The latest was opened for the Jan. 3 county commission meeting. It included a warning, "Cincinnati shall soon be a destroyed city."
It's the fourth set of letters sent to the Butte County Commission, Butte County Sheriff Fred Lamphere and Butte County Auditor Elaine Jensen.
"There's no cover letter, no nothing," Jensen said. "But it's our names and they've done well on their research."
Custer County had been receiving similar letters claiming to contain revelations from Jeffs, 56, who is currently in Texas serving a life sentence plus 20 years at an East Texas prison for the sexual assault of two of his underage brides.
The United Order of South Dakota that is affiliated with Jeffs owns 140 acres of land in Custer County.
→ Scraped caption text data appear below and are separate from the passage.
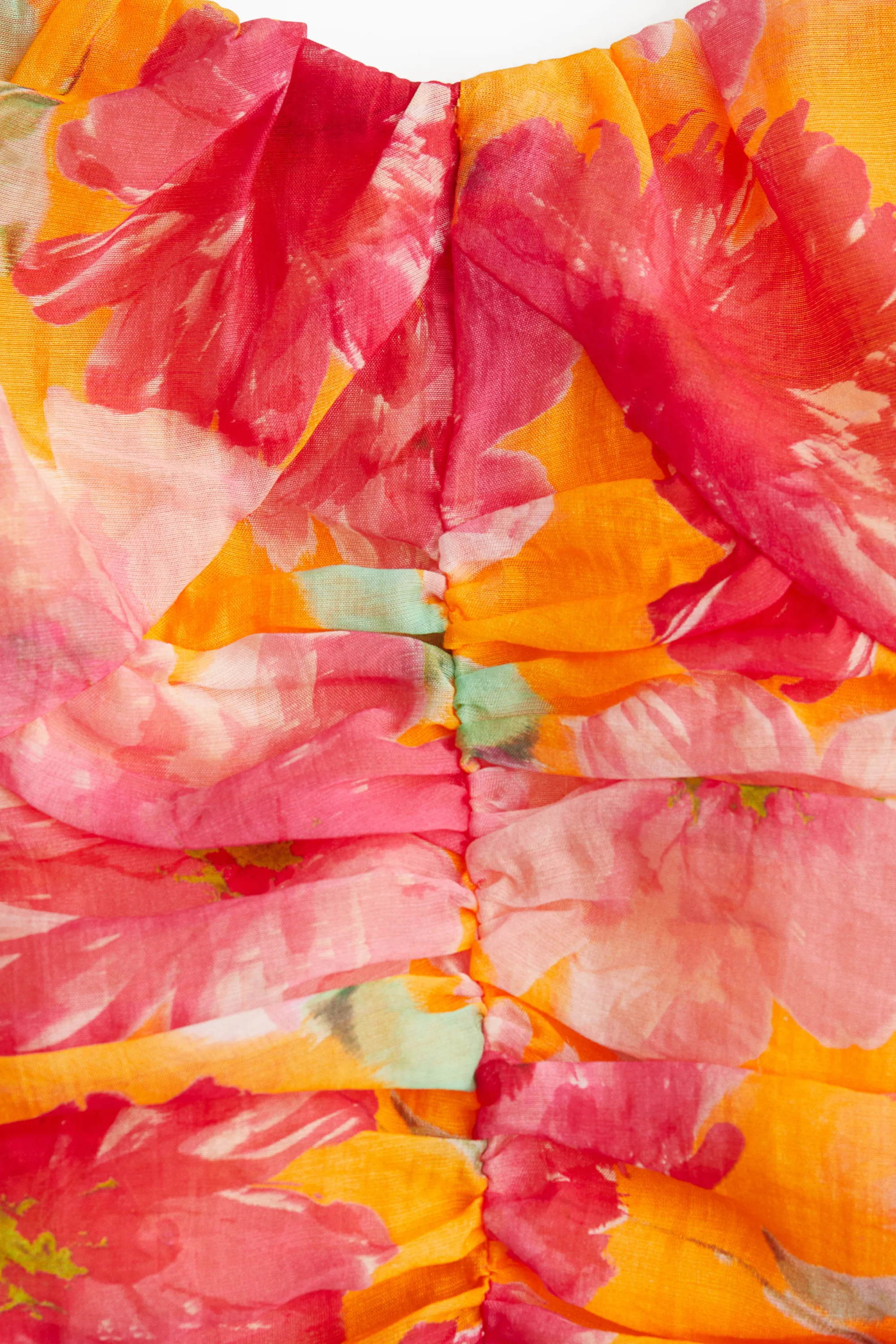 Blouse épaules dénudées - Orange/rose/fleuri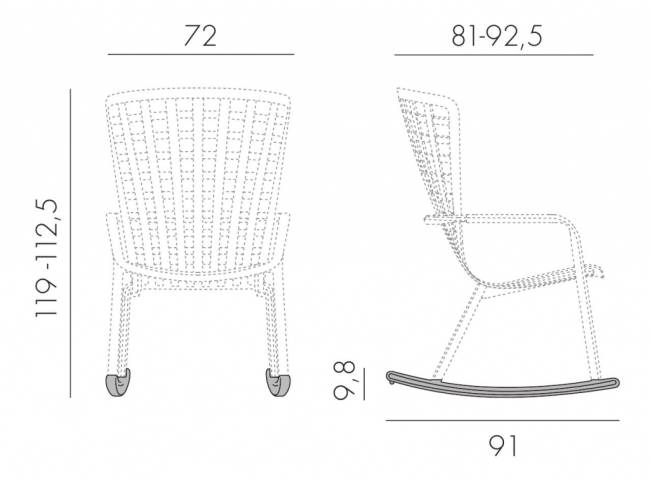Кресло-качалка пластиковое с подушкой Folio белый, зеленый 720х810-925х1190-1125 мм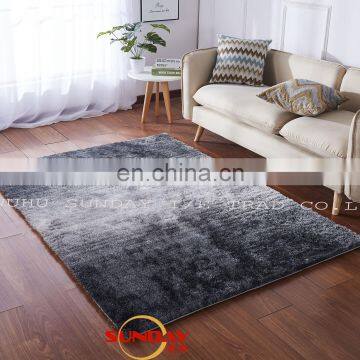 Cheap High quality fashionable polyester shadow shaggy rug new design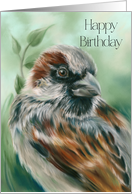 Happy Birthday Brown Sparrow Bird Pastel Art card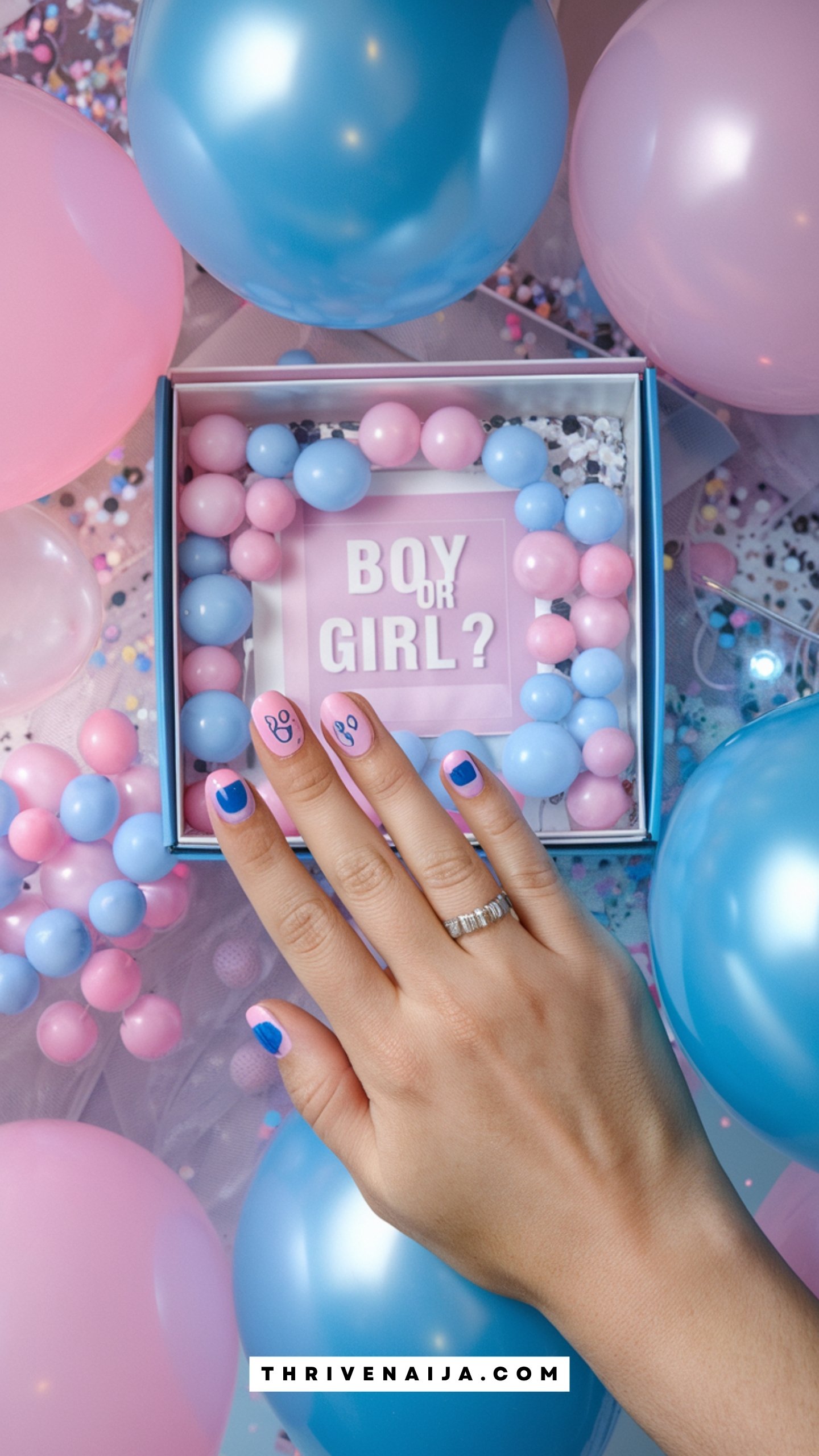 Gender Reveal Balloon Nails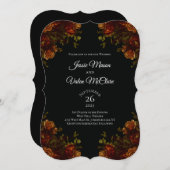 Rustikale Orange Black Elegante Hochzeit Einladung (Vorne/Hinten)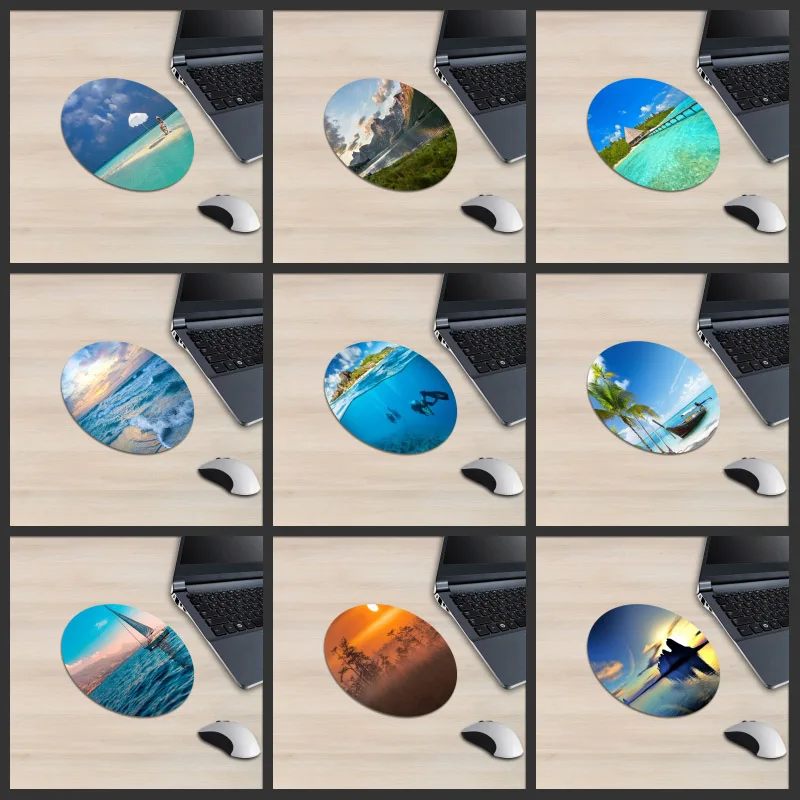 XGZ круглый коврик для мыши с природным пейзажем Вечерний закат пляж спокойные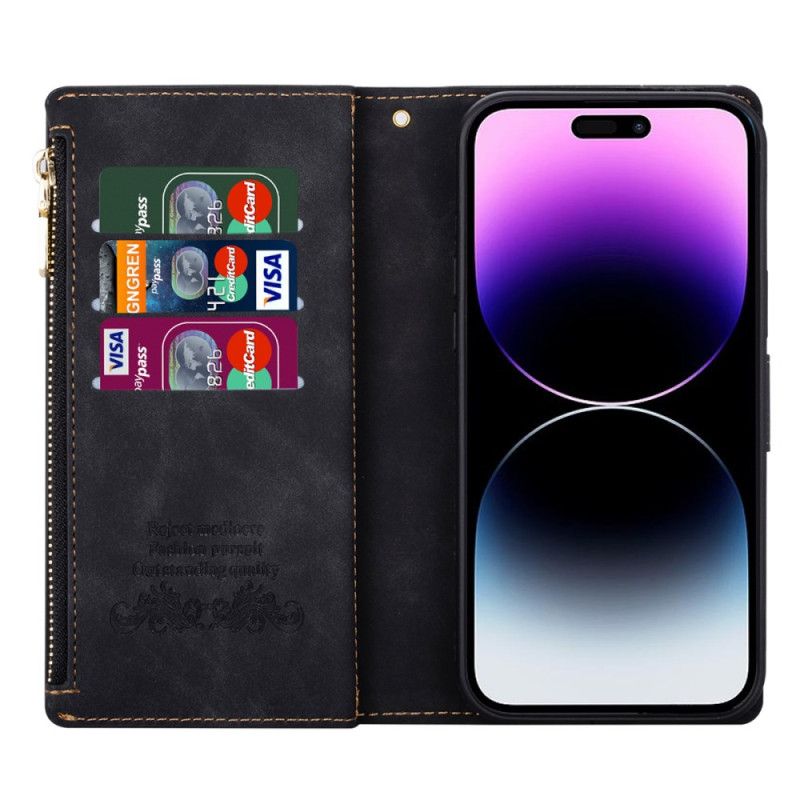 Etui Folio iPhone 16 Pro Wzór Geometryczny Portfela Etui Ochronne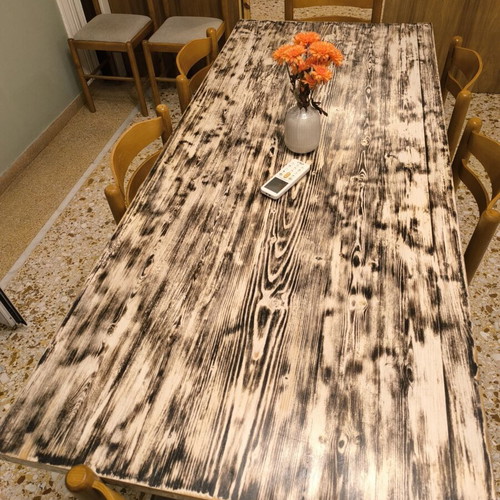Handmade table with sturdy detachable base, 180x68 cm
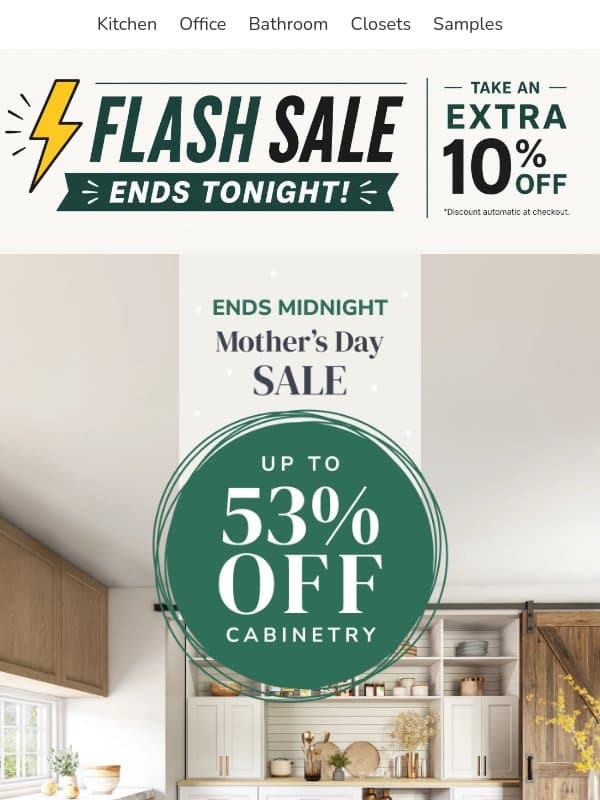 Final Hours to Take up to 53% OFF + 10% EXTRA at Checkout! email from The RTA Store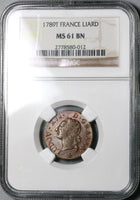 1789-T NGC MS 61 France Louis XVI Liard Nantes Mint Coin POP 1/1 (23032302C)
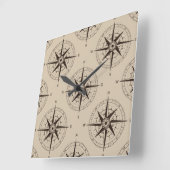 Horloge Carrée Navigation Compass (Angle)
The reclusive community of an estimated 200 people is in the process of building new agricultural buildings.
That may explain why Custer County receives similar letters, but not Butte County.
Jensen said local officials have no records that the church has any presence in the county.
"It's really nice of them to send it," Butte County Assistant State's Attorney Tim Vander Heide told Jensen and commissioners.
"We don't have to read it," he said.
Jensen asked whether there is a way for the county to stop receiving the letters.
Vander Heide said he believes it best to check the mail regardless.
"The problem is, you don't know what they're sending you," he said.
Jensen said she gave the first set of letters to county commissioners.
"I don't want to withhold things addressed to them," Jensen said.
The latest letters and boxes of material came from Jeffs' church patriarch Vaughan Taylor and bishop John Barlow with an Arizona address for purchasing additional copies of the letters and other material.
Jensen said the second time she held the messages in her office.
"The third time I brought it to the sheriff's attention," she said.
The fourth set included a box of paperback sets of Jeffs' proclamations. She opened the letter and box during the commissioners' meeting.
The envelope held a three-page letter to Butte County dated Dec. 15, 2011.
It is headlined, "Revelation of the Lord Jesus Christ Given to President Warren S. Jeffs."
In it, Jeffs calls for his own release from prison and recognition of his "keyholding power of authority on earth." The letter demands an end of abortion and homosexual relationships and other "corrupt ways."
Otherwise, he said there would be earthquakes, storms, pestilence, windstorms and invasion by two foreign powers in the aftermath of famine and mob rule.
An Associated Press news report from Jan. 4 said that Texas prison officials had suspended indefinitely the phone privileges of the convicted polygamist sect leader. They were investigating whether he violated prison telephone rules on Christmas Day.
Officials believed the calls made to two approved people on Jeffs' phone list were broadcast on a speakerphone to his congregation, a violation of the prison phone rules.
Jeffs is being held in protective custody, meaning he's isolated from other inmates, at the Powledge Unit prison near Palestine, about 140 miles north of Houston.
As of Dec. 29, news reports of increased activity at the main FLDS community on the border of Arizona and Utah suggested that Jeffs had been preparing his flock for major changes.
His Dec. 15 letter to Butte County warned that everyone should be putting up food and fuel supplies against major national disruption.
Rapid City Journal staff writer Mary Garrigan contributed to this story.